Mais le passé et ses dettes étaient toujours là, et lui répétaient à toute heure : — Si mademoiselle savait !

Elle vivait dans des transes de criminelle, dans un tremblement de tous les instants. On ne sonnait pas à la porte sans qu’elle se dît : C’est ça ! Les lettres d’une écriture inconnue la remplissaient d’anxiété. Elle en tourmentait la cire avec ses doigts, elle les renfonçait dans sa poche, elle hésitait à les donner, et le moment où mademoiselle ouvrait le terrible papier, le parcourait de l’œil froid des vieilles gens, avait pour elle l’émotion d’un arrêt de mort qu’on attend.
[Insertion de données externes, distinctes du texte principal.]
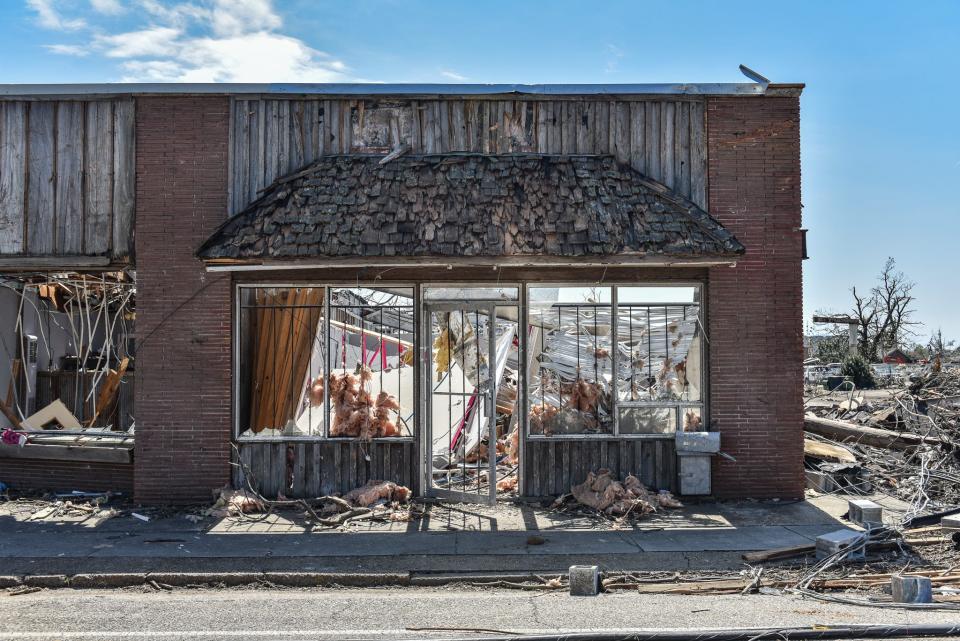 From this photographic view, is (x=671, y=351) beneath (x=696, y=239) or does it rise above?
beneath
Elle sentait son secret et son mensonge dans la main de tout le monde. La maison l’avait vue et pouvait parler. Le quartier la connaissait. Autour d’elle, il n’y avait plus que sa maîtresse dont elle pût voler l’estime !

En montant, en descendant, elle trouvait le regard du portier, un regard qui souriait, un regard qui lui disait : Je sais. Elle n’osait plus l’appeler : Mon Pipelet. Quand elle rentrait, il regardait dans son panier : — Moi qui aime tant ça ! disait la portière quand il y avait quelque bon morceau. Le soir elle leur descendait les restes. Elle ne mangeait plus. Elle finit par les nourrir.
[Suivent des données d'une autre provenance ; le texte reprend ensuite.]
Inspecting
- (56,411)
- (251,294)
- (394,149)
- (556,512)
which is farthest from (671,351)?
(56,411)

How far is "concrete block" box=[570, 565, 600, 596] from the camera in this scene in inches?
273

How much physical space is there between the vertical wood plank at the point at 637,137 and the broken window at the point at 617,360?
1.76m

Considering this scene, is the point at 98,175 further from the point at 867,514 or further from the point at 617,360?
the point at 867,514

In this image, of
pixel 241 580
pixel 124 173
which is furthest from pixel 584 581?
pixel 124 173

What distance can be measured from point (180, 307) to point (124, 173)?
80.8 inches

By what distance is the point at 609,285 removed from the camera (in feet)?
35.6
Toute la rue lui faisait peur comme l’escalier et la loge. Il y avait dans chaque boutique un visage qui lui renvoyait sa honte et spéculait sur sa faute. À chaque pas, il lui fallait acheter le silence à prix de bassesse et de soumission. Les fournisseurs qu’elle n’avait pu rembourser, la tenaient. Si elle trouvait quelque chose trop cher, une goguenardise lui rappelait qu’ils étaient ses maîtres, et qu’il fallait payer si elle ne voulait pas être dénoncée. Une plaisanterie, une allusion la faisait pâlir. Elle était liée là, obligée de s’y fournir, de s’y laisser fouiller aux poches comme par des complices. La remplaçante de Mme  Jupillon, partie pour aller tenir une épicerie à Bar-sur-Aube, la nouvelle crémière lui passait son mauvais lait, et quand elle lui disait que mademoiselle s’en plaignait, qu’elle avait des reproches tous les matins : — Votre mademoiselle, répondait la crémière, avec ça qu’elle vous gêne ! Chez la fruitière, quand elle sentait un poisson et qu’elle lui disait : Il a été sur la glace celui-là… — Bon ! faisait la fruitière, dites tout de suite que je l’y mets des influences de la lune dans les ouïes pour le faire paraître frais !… On est donc dans ses jours difficiles, aujourd’hui, ma biche ? Mademoiselle voulait pour un dîner qu’elle allât à la Halle ; elle en parla devant la fruitière : — Ah ! bien oui, à la Halle ! Je voudrais vous voir aller à la Halle ! Et elle lui lança un coup d’œil où Germinie vit son compte monté chez sa maîtresse. L’épicier lui vendait son café qui sentait le tabac à priser, ses pruneaux avariés, son riz éventé, ses vieux biscuits. Quand elle s’enhardissait à lui faire une observation :

— Ah ! bah ! disait-il, une vieille pratique comme vous, vous ne voudriez pas me faire des traits… Puisque je vous dis que je vous donne bon… Et il lui pesait cyniquement à faux poids ce qu’elle demandait et ce qu’il lui faisait demander.